====== Source material ======
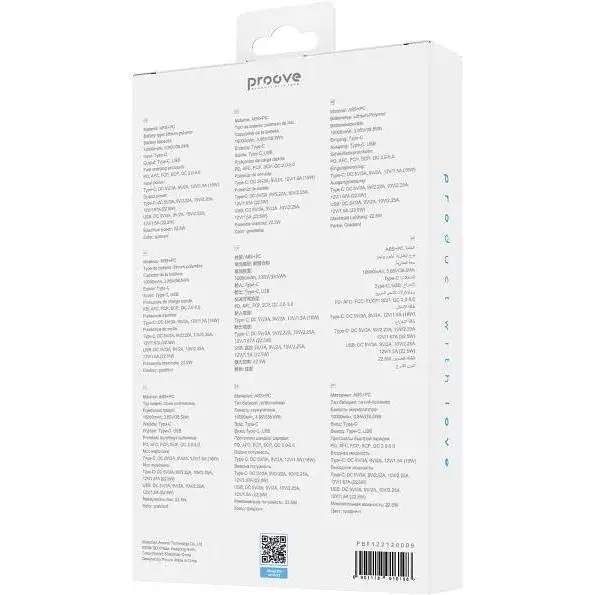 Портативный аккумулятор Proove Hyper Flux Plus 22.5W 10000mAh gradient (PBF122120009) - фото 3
======
====== Source material ======
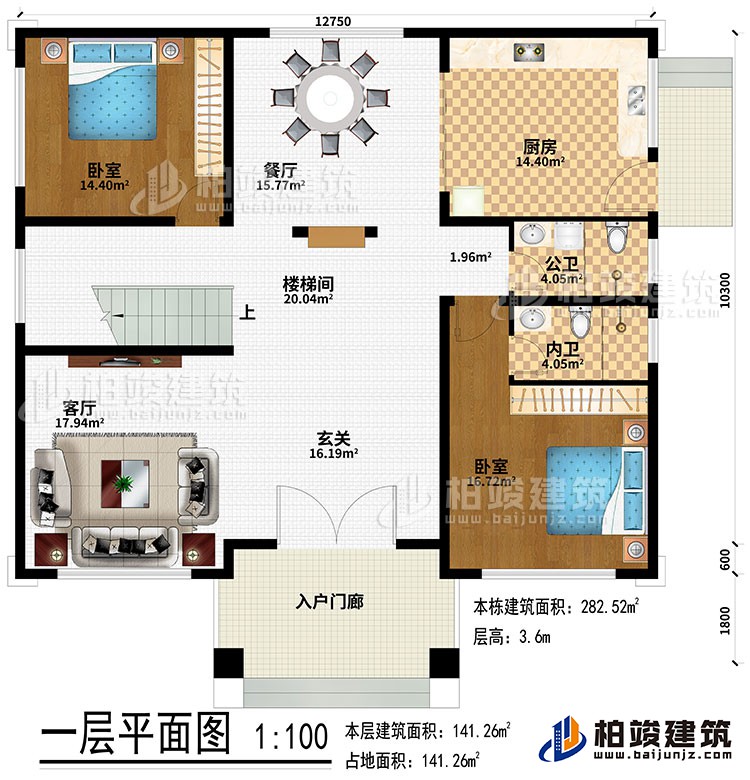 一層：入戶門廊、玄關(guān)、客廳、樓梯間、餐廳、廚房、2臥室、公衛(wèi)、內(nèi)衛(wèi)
======
====== Source material ======
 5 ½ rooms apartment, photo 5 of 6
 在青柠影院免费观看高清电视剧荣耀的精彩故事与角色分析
======
After locating the line with "5 ½ rooms apartment, photo 5 of 6" in the material above, return it and each line after it exactly, ending at the line with "在青柠影院免费观看高清电视剧荣耀的精彩故事与角色分析".

 5 ½ rooms apartment, photo 5 of 6
 在青柠影院免费观看高清电视剧荣耀的精彩故事与角色分析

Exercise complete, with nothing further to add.